Problem statement: Only the lines from the one containing "Presentamos un nuevo" through the end of the data below are to be repeated, exactly as given, without pictures.

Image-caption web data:
#####

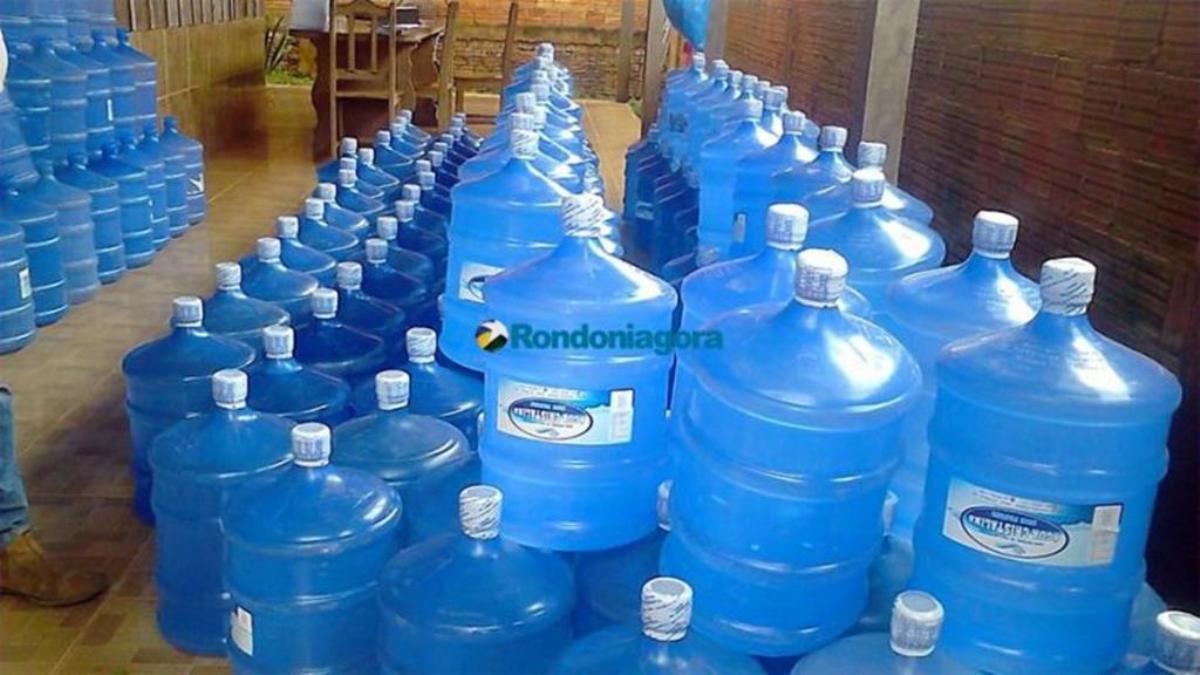 Vigilância Sanitária e Delegacia do Consumidor descobrem água de poço sendo vendida como mineral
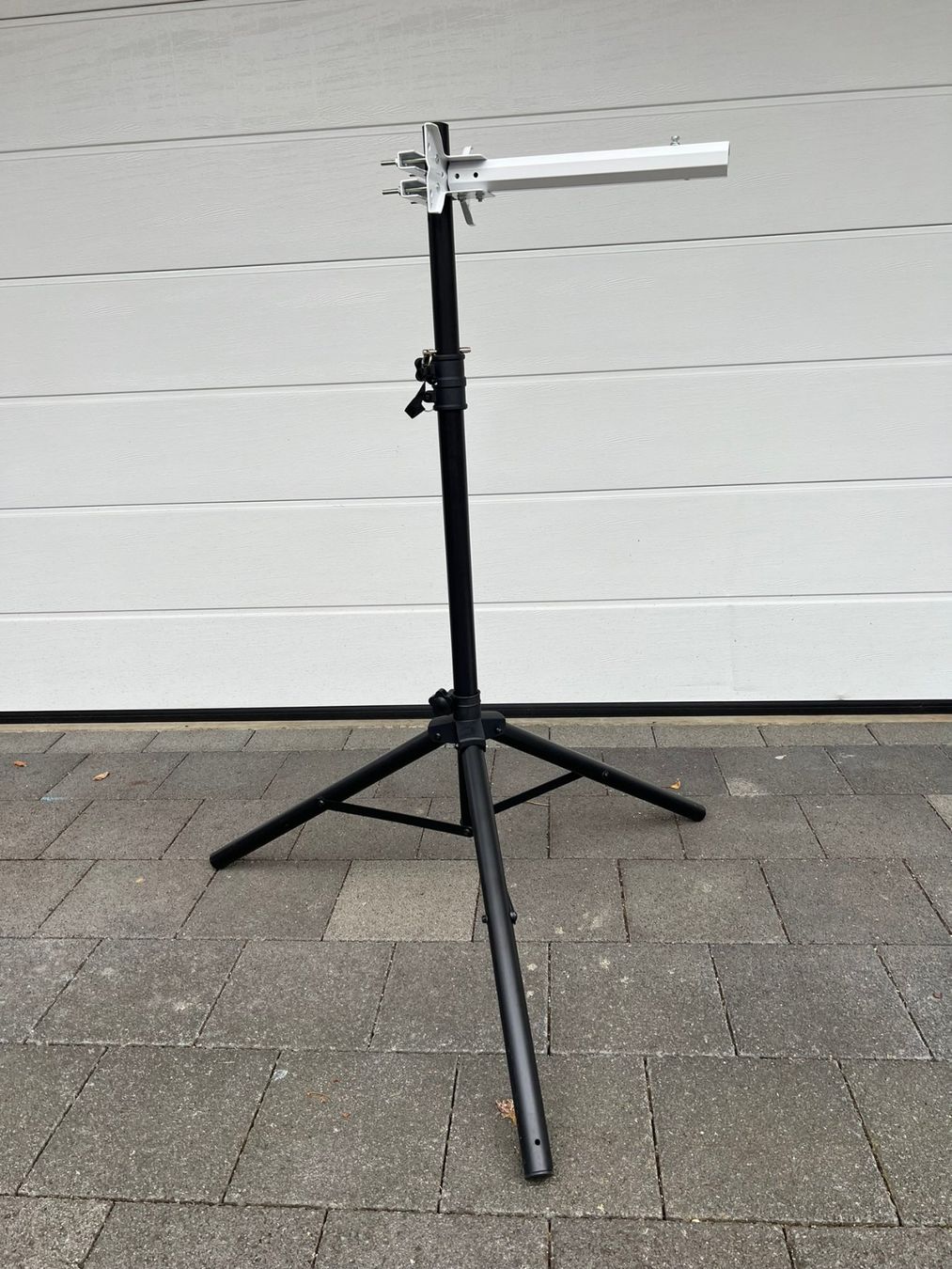 Parabola satellitare: Wohnwagen Satellit mit Halterung + Stativ inkl. Satmessgerät – Usato da Gunzwil venduto da Ozzie68 3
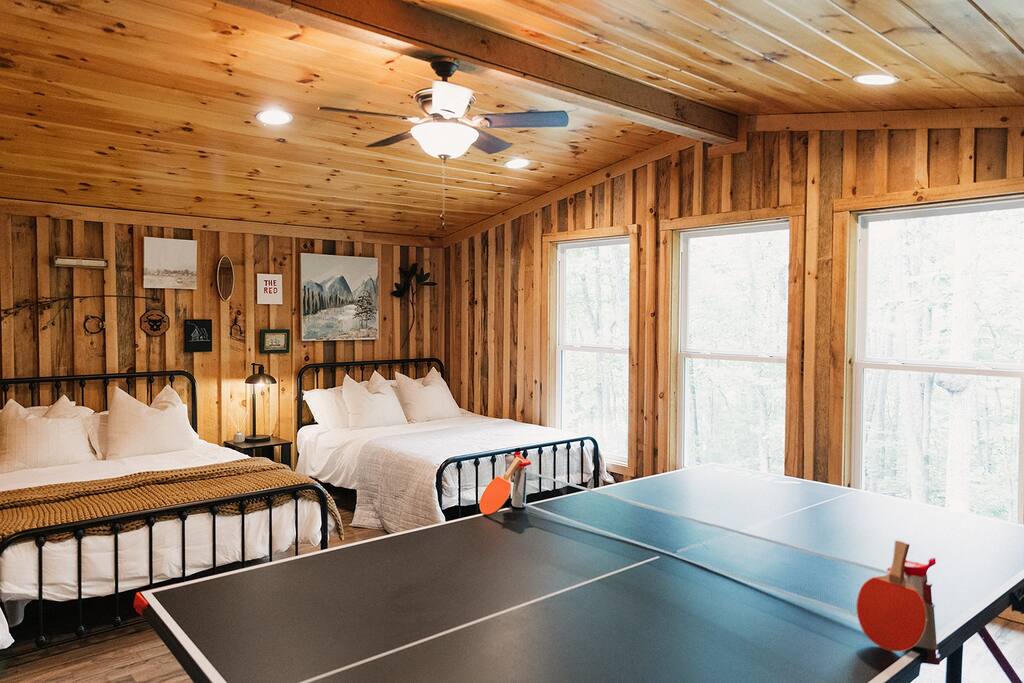 "The Lantern"  Woodsy Cabin Experience w/ HotTub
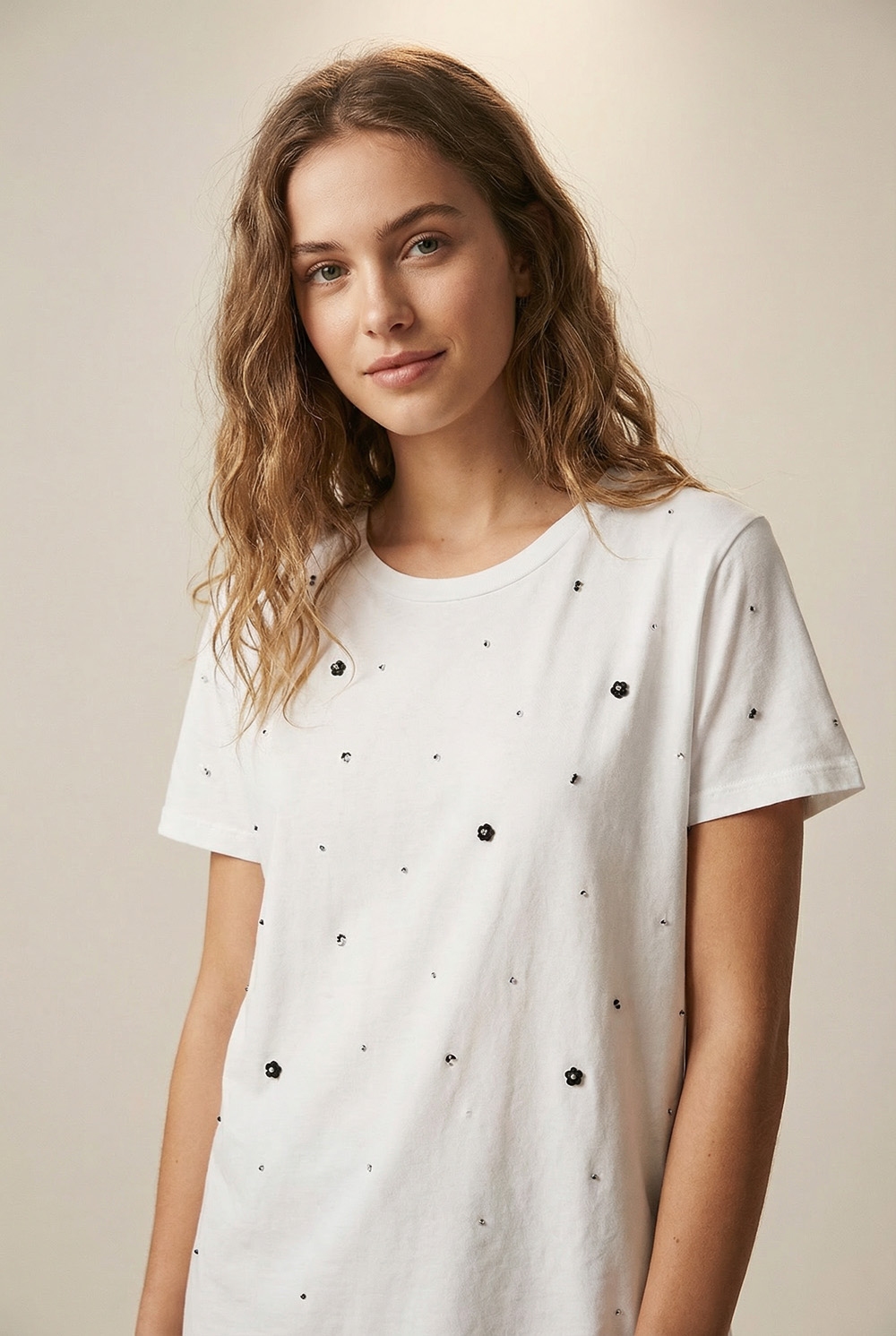 Camiseta blanca de algod&oacute;n adornada con detalles de strass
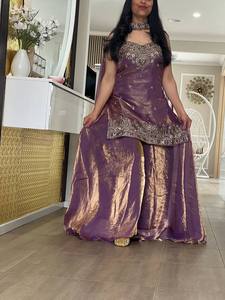 Presentamos un nuevo conjunto de alta calidad con bordado de lentejuelas, top, pantalón palazzo y dupatta, completamente cosido y listo para usar. - Product Image 2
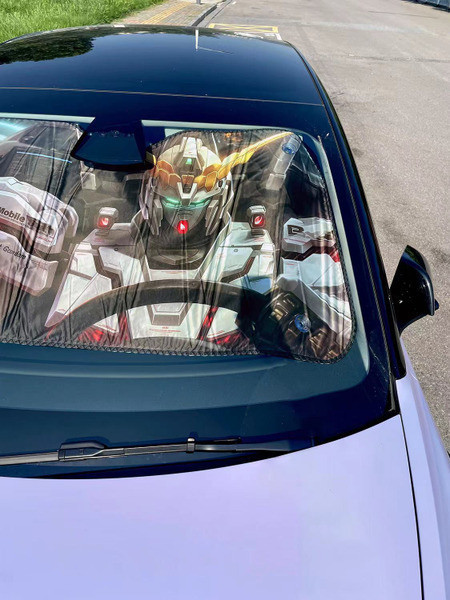 【海外代購】千鳥社 獨角獸鋼彈 強襲自由鋼彈 機動戰士高達鋼彈汽車前擋遮陽板 (雙款式) 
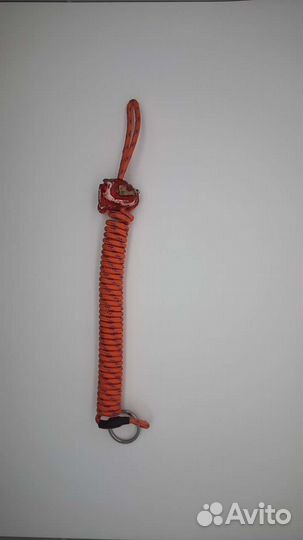 Спиральный тренчик с бусиной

#####

Answer below:
 Presentamos un nuevo conjunto de alta calidad con bordado de lentejuelas, top, pantalón palazzo y dupatta, completamente cosido y listo para usar. - Product Image 2
 【海外代購】千鳥社 獨角獸鋼彈 強襲自由鋼彈 機動戰士高達鋼彈汽車前擋遮陽板 (雙款式) 
 Спиральный тренчик с бусиной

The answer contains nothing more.